WHAT THE EXERCISE ASKS -> A faithful copy of the data, pictures omitted, is the required answer.

RAW DATA ->
§ §

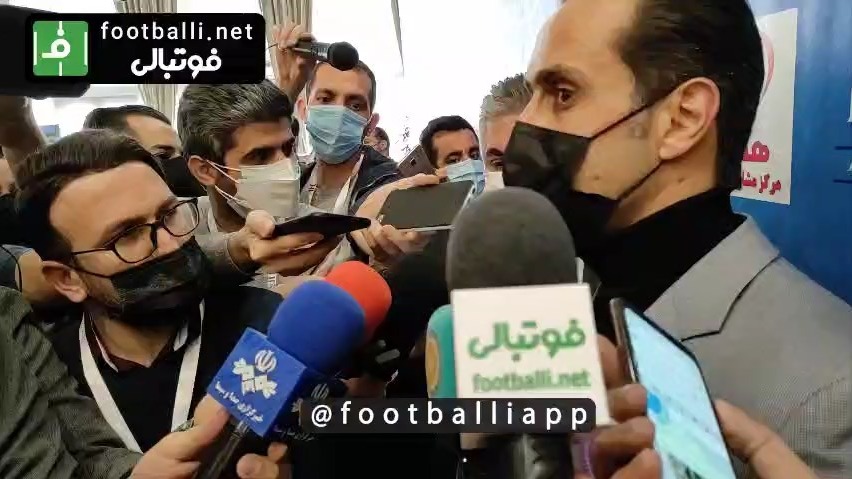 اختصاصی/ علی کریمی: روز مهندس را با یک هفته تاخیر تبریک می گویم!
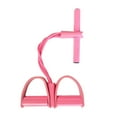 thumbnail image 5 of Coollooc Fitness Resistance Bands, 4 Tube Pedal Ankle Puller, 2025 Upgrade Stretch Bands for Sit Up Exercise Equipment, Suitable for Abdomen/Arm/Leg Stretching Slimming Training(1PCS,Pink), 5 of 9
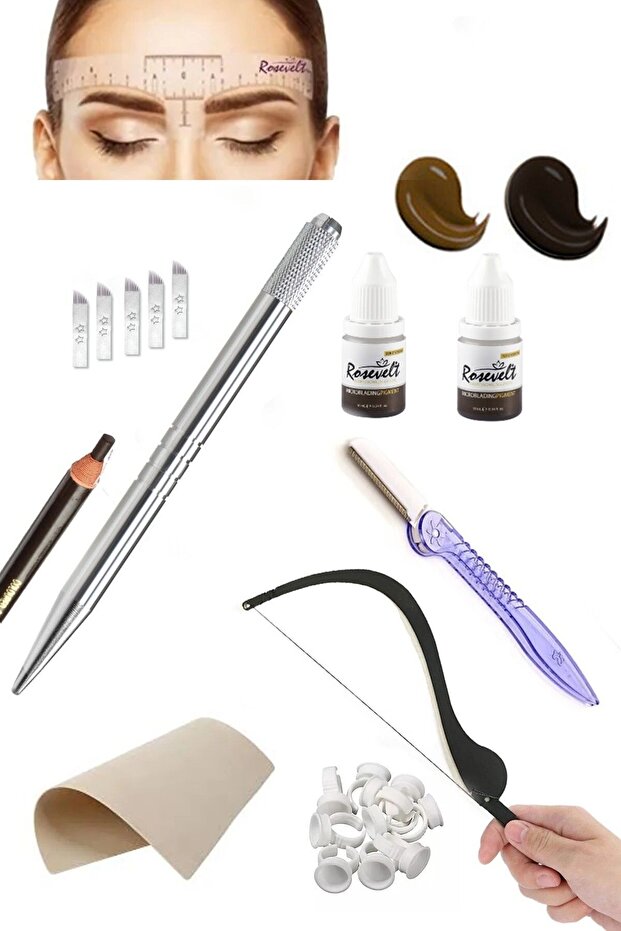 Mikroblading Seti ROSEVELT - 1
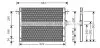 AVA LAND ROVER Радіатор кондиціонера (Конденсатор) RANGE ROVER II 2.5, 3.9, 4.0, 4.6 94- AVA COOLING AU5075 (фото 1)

§ §

YOUR SOLUTION ->
 اختصاصی/ علی کریمی: روز مهندس را با یک هفته تاخیر تبریک می گویم!
 thumbnail image 5 of Coollooc Fitness Resistance Bands, 4 Tube Pedal Ankle Puller, 2025 Upgrade Stretch Bands for Sit Up Exercise Equipment, Suitable for Abdomen/Arm/Leg Stretching Slimming Training(1PCS,Pink), 5 of 9
 Mikroblading Seti ROSEVELT - 1
 AVA LAND ROVER Радіатор кондиціонера (Конденсатор) RANGE ROVER II 2.5, 3.9, 4.0, 4.6 94- AVA COOLING AU5075 (фото 1)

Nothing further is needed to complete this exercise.